The love of God was the theme chosen by Benedict to emphasize in his first encyclical, God Is Love. (Deus Caritas Est, 2005) We may gain insight into the pope’s own spiritual life from the way in which he describes the “love story” of the Bible, wherein the Lord “seeks to win our hearts, all the way to the Last Supper, to the piercing of his heart on the cross.” (Deus Caritas Est, 17) 

One could say love was the lens through which the Holy Father saw and interpreted everything.

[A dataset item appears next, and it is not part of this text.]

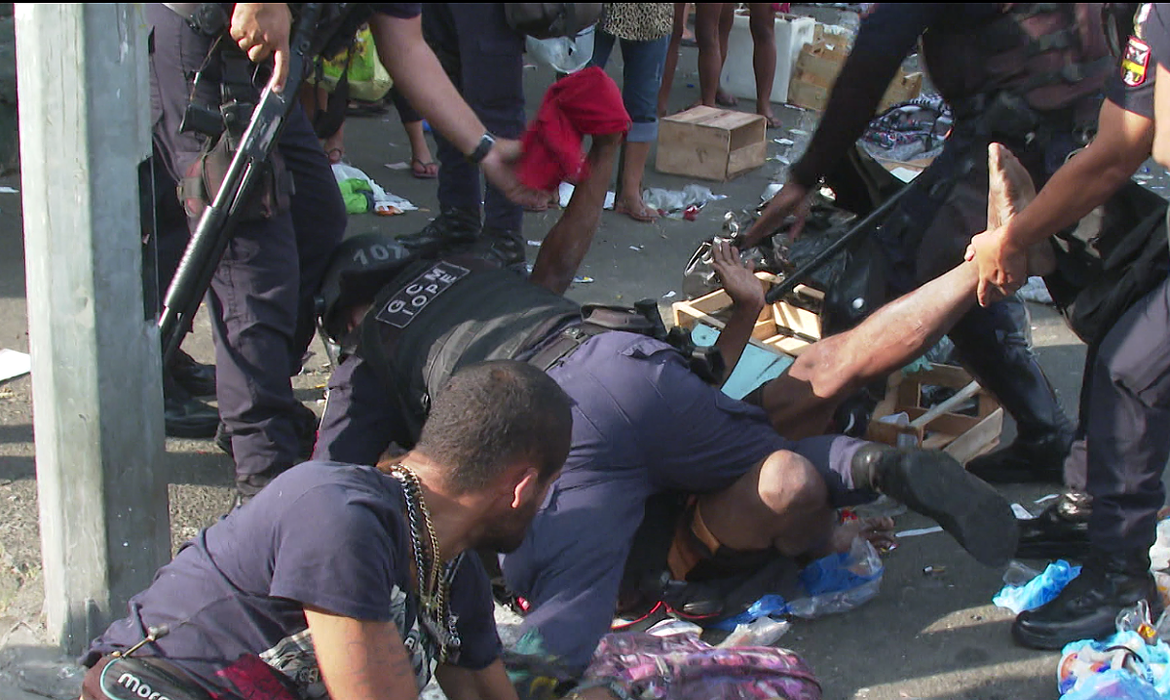 Sāo Paulo (SP) 09/05/2023 - Um homem foi enforcado até ficar desacordado por agentes da Guarda Civil Metropolitana (GCM) de São Paulo na Cracolândia, região central da cidade, nessa segunda-feira (8). No flagrante feito pela TV Brasil, é possível observar que o homem foi detido e, em seguida, tentou resistir à prisão.
Reproduçāo Tv Brasil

He worked to inspire people to have hope in the faithfulness of the Lord’s love and promises, and in the inheritance of a lasting heaven where the embrace of God awaits. In his encyclical On Christian Hope, he wrote: “Man’s great, true hope which holds firm in spite of all disappointments can only be God – God who loved us and who continues to love us ‘to the end,’ until ‘all is accomplished.’” (cf. John 13.1, John 19:30)

Benedict encouraged others to seek the Lord, experience His love and to live in trusting hope, while living in communion with their brothers and sisters. He saw in the Holy Eucharist the source of all communion and mission among the children of God.  

“The more ardent the love for the Eucharist in the hearts of the Christian people, the more clearly they will recognize the goal of all mission: to bring Christ to others. Not just a theory or a way of life inspired by Christ, but the very gift of His Person.” (Sacramentum Caritatis, 86)

The words and deeds of Benedict XVI draw us to Christ and illuminate for us how to be His disciples. In his memory, it is fitting to recall his words of counsel:  

“All people want to leave a mark which lasts. But what remains? ... The only thing which remains forever is the human soul, the human person created by God for eternity. The fruit which remains then is that which we have sowed in human souls: love, knowledge, a gesture capable of touching the heart, words which open the soul to joy in the Lord.  

“Let us then go to the Lord and pray to Him, so that He may help us bear fruit which remains.  Only in this way will the earth be changed from a valley of tears to a garden of God.” (Homily for the Mass for the Election of the Roman Pontiff, April 18, 2005)

Let us pray and reflect: 

•    How can I observe and listen to the Jesus of the Gospels to encounter Him?  

•    How is the Lord calling me, personally, to bear fruit in human souls by sowing the love of God?

Sister John Paul Maher, OP, is principal of Worthington St. Michael School and a member of the Dominican Sisters of Mary, Mother of the Eucharist.